Jeremy Skillington, CEO of Poolbeg Pharma said: “We are grateful for the support of the Irish Government in awarding this funding and delighted to be working with our consortium of high-quality partners in University College Dublin, Trinity College Dublin and AnaBio. The funding will support the progression of this exciting oral vaccine platform that has the potential to improve the ways vaccines are manufactured, distributed and administered for the future. Poolbeg continues to target non-dilutive funding opportunities and we are delighted that this DTIF award is our first success.”
Prof Siobhán McClean, associate professor at University College Dublin, said: “I am pleased to work with the other members of this consortium to bring the antigens my team have identified and developed, closer to the clinic so that together, we can protect people from infectious diseases.”

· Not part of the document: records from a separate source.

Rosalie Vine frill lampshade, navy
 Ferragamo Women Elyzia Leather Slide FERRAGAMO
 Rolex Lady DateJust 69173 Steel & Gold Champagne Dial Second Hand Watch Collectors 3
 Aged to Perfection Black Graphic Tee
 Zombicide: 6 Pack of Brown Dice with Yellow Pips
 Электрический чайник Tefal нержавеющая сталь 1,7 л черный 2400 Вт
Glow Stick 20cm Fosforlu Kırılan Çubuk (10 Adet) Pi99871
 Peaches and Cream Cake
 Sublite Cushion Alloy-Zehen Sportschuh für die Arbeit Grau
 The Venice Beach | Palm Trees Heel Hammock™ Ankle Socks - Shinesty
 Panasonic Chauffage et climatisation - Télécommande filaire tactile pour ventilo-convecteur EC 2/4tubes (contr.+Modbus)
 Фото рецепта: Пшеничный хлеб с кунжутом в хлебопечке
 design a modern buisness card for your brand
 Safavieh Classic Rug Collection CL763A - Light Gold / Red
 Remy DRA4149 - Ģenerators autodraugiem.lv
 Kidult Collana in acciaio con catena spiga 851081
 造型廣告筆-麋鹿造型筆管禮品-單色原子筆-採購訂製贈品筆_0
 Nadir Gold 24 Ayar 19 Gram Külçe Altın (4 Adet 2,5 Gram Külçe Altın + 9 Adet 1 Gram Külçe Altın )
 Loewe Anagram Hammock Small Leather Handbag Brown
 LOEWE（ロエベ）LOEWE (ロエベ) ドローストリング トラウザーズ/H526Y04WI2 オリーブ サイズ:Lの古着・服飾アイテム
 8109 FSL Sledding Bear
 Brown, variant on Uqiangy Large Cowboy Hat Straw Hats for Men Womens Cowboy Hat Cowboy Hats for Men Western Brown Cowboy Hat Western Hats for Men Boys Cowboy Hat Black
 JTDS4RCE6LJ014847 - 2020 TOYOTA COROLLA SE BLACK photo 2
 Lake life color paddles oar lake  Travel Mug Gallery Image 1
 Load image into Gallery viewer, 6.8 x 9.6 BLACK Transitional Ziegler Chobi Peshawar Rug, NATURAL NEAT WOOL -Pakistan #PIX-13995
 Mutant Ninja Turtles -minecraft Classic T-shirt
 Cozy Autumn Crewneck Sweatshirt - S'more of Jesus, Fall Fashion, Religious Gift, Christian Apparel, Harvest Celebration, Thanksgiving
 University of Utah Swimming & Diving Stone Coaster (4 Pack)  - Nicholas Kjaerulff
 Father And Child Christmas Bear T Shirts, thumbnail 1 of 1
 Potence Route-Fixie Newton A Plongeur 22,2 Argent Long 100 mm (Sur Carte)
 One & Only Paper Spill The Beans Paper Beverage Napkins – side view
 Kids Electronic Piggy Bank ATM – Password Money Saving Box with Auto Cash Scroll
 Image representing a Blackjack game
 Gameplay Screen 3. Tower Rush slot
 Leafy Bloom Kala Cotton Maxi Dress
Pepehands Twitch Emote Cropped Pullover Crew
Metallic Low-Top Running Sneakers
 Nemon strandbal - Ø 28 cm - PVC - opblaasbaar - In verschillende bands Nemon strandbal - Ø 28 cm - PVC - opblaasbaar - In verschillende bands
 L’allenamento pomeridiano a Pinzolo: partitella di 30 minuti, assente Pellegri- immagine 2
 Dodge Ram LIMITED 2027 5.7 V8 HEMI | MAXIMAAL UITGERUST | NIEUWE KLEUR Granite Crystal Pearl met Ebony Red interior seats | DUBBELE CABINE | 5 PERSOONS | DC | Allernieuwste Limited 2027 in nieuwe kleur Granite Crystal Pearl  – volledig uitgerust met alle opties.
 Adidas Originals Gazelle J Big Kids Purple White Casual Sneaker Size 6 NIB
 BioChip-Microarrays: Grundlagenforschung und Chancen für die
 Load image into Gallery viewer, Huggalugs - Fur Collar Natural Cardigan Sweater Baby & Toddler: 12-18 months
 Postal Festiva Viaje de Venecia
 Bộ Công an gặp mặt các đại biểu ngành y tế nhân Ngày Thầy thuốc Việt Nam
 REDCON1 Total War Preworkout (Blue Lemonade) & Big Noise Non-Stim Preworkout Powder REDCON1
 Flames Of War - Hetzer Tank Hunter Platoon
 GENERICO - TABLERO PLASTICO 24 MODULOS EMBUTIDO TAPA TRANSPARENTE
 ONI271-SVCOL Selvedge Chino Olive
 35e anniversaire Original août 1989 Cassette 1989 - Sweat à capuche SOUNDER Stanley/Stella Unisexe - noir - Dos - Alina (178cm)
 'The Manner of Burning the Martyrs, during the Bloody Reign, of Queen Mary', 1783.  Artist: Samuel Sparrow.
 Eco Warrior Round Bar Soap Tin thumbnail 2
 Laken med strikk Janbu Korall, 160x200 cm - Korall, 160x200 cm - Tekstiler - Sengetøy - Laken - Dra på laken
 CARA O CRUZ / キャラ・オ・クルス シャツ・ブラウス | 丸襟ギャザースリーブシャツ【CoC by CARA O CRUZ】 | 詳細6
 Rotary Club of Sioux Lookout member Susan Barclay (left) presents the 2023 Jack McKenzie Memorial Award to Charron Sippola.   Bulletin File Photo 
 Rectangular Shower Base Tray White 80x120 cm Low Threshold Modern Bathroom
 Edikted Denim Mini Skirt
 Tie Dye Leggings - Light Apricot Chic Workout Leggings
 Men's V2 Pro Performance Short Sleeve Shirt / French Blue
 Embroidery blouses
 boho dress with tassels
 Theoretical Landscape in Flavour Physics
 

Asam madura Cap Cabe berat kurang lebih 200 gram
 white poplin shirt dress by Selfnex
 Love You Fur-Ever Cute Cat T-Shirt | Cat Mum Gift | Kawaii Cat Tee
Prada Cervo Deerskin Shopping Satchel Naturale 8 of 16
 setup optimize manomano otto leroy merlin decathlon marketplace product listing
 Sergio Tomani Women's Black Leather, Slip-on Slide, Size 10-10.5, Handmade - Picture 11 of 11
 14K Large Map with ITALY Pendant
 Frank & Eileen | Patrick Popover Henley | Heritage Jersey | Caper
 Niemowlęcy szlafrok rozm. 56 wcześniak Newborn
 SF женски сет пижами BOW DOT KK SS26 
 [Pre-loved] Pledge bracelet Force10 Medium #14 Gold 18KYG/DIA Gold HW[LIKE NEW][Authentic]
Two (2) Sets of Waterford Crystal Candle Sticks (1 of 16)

Ed Lavelle, professor of Immunology at Trinity College Dublin, said: “The pharmaceutical industry has long aspired to develop subunit oral vaccines and I believe we have assembled a consortium of experts and ground-breaking technologies that are uniquely placed to make them a reality.”
Sinéad Bleiel, founder and chief scientific officer of AnaBio Technologies, added: “Having demonstrated the potential of our encapsulation technology to deliver drug products safely and effectively to the gut, we are excited to collaborate with the EncOVac team of world class researchers, led by Poolbeg and supported by the Irish Government as part of the world’s renewed fight against infectious diseases.”